Anti-corruption raids on prominent Ukrainian figures and moves to favour loyalists in senior positions have led to accusations that President Volodymyr Zelenskyy’s government is sliding into authoritarianism.

Zelenskyy and his top aides face allegations from politicians, activists and diplomats that they are using extraordinary powers granted under martial law to sideline critics, muzzle civil society leaders and consolidate control.

The outcry has grown since masked, heavily armed officers from Ukraine’s State Bureau of Investigation (SBI) forced their way into the home of prominent anti-corruption campaigner Vitaliy Shabunin in Kharkiv last Friday, seizing phones, laptops and tablets.

Around the same time, SBI investigators and armed agents raided the home of former infrastructure minister Oleksandr Kubrakov in Kyiv, taking his mobile and other devices. Authorities said the searches were connected to corruption investigations.

Shabunin and Kubrakov labelled the raids as politically motivated, adding that the SBI had presented no court-issued warrants and would not allow time for their lawyers to be present for the searches.

Shabunin told the Financial Times: “Zelenskyy is using my case to send a message to two groups that could pose a threat to him. The message is this: if I can go after Shabunin publicly — under the scrutiny of the media and despite public support — then I can go after any one of you.”

“The first group are journalists or activists exposing corruption,” he added. “The second group is military personnel. Because the charges against me relate to my military service.”

Political allies and even detractors of Shabunin and Kubrakov, along with much of Ukraine’s civil society, condemned the raids and warned they appear to be part of a campaign by Zelenskyy’s office against critics.

“This is a straight-up, Russian-style scenario of dividing society, which could lead to protests in the streets,” said MP Oleksandra Ustinova, chair of the Ukrainian parliament’s commission on arms control and an adviser to the defence minister.

The raids followed sanctions against several prominent politicians, including former president Petro Poroshenko, who lost a re-election campaign to Zelenskyy in 2019 and has been a staunch critic since.

Earlier this month, Zelenskyy’s cabinet opted not to appoint Oleksandr Tsyvinsky, a detective with the National Anti-Corruption Bureau (Nabu), to lead the Economic Security Bureau, which investigates economic crimes.

Tsyvinsky had been independently selected, but the cabinet claimed he was “not suitable”.

Anastasia Radina, an MP from Zelenskyy’s Servant of the People party and head of parliament’s anti-corruption committee, said the government had “no authority” to reject Tsyvinsky and the move did “not comply with the law”.

Also this month, the president nominated first deputy prime minister Yulia Svyrydenko to lead his cabinet, replacing long-serving premier Denys Shmyhal. Svyrydenko is considered a close ally of Andriy Yermak, Zelenskyy’s chief of staff. Svyrydenko was approved by parliament on Thursday, making her Ukraine’s new prime minister.

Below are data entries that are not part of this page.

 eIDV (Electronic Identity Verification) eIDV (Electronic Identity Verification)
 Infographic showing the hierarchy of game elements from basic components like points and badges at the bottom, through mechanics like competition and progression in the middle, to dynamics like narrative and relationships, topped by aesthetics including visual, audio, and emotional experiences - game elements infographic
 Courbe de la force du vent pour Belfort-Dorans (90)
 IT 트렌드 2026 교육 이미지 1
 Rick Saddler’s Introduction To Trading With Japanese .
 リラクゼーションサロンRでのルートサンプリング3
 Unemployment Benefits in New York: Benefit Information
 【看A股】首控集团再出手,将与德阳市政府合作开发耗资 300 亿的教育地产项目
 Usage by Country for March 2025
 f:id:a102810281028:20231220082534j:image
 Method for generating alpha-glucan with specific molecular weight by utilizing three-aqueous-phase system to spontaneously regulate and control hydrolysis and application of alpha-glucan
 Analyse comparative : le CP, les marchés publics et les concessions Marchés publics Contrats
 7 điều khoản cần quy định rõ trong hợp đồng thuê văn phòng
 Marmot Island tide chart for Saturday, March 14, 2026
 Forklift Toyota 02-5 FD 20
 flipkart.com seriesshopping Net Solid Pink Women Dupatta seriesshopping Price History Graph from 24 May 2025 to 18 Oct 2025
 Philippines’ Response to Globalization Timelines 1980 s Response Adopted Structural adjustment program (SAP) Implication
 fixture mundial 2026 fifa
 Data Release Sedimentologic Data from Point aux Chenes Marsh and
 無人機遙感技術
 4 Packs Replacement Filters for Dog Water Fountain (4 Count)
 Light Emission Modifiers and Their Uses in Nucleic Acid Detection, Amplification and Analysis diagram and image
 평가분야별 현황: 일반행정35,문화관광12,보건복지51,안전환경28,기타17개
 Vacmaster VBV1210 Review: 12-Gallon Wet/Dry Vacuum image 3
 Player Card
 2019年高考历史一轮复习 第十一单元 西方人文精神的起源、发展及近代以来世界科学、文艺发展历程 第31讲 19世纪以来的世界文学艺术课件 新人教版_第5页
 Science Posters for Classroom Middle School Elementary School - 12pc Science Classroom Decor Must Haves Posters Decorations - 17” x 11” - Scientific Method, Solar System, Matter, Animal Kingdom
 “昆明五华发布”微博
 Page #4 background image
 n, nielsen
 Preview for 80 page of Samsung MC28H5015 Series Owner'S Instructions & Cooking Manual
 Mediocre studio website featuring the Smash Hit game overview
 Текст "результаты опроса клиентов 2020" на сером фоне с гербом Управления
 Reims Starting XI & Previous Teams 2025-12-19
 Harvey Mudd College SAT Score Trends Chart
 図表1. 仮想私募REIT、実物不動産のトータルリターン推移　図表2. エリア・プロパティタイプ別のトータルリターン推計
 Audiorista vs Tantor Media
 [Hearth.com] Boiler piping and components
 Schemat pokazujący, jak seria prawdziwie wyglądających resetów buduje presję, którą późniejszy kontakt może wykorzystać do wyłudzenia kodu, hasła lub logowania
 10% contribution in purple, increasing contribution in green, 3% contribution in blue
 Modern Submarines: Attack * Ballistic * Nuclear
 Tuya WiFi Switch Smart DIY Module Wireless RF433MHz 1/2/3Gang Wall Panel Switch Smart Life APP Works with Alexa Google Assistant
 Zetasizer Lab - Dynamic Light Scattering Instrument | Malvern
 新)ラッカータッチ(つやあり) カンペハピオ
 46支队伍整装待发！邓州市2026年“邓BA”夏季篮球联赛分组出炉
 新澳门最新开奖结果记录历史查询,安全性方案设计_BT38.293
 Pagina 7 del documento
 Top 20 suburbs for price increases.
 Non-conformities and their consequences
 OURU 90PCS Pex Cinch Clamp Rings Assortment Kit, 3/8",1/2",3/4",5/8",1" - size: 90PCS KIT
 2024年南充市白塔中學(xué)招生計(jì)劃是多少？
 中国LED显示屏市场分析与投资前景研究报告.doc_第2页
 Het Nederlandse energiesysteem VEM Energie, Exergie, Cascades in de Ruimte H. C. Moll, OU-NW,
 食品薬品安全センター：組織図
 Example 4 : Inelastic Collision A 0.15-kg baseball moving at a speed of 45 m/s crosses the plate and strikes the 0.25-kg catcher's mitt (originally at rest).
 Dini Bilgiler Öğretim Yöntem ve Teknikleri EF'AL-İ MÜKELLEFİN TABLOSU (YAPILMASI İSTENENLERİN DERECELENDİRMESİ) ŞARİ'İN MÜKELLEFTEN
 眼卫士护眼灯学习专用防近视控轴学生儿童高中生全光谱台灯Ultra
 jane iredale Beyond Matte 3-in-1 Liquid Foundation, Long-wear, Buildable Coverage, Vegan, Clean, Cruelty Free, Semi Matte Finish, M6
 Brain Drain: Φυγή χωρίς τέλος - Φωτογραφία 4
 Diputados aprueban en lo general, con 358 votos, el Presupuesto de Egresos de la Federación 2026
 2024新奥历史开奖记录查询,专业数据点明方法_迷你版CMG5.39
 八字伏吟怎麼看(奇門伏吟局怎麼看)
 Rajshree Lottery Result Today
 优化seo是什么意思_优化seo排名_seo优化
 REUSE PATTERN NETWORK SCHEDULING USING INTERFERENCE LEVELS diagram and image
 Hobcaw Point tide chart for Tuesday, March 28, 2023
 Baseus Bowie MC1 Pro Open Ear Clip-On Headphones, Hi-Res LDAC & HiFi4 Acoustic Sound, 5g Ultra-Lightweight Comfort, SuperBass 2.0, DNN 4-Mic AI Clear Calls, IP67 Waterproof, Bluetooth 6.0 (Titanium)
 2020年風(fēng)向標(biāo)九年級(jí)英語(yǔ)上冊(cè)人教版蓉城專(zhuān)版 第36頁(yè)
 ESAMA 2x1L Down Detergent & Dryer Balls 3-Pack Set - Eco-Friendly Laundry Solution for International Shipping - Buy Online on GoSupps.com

The shift comes at a precarious time for Ukraine, which is trying to fight off an escalating Russian air and ground offensive, shore up US military support and reboot its government.

Ukrainian activists, independent media and western officials in Kyiv have warned that what began as a defence of sovereignty risks sliding into a crusade to reshape the state in the ruling circle’s image. They say this threatens to undermine progress on reform since Ukraine’s 2014 democratic revolution.

Zelenskyy’s office declined to comment, but a person close to the president said the SBI’s cases were fact-based and dismissed any suggestions of political motivation.

The SBI said its case against Shabunin “is well-founded and supported” by a Tuesday decision by a district court in Kyiv, which ordered the campaigner not to leave his place of military service and to relinquish documents allowing him to travel abroad.

Shabunin and Kubrakov, whose cases are not directly connected, have both vehemently denied the charges against them.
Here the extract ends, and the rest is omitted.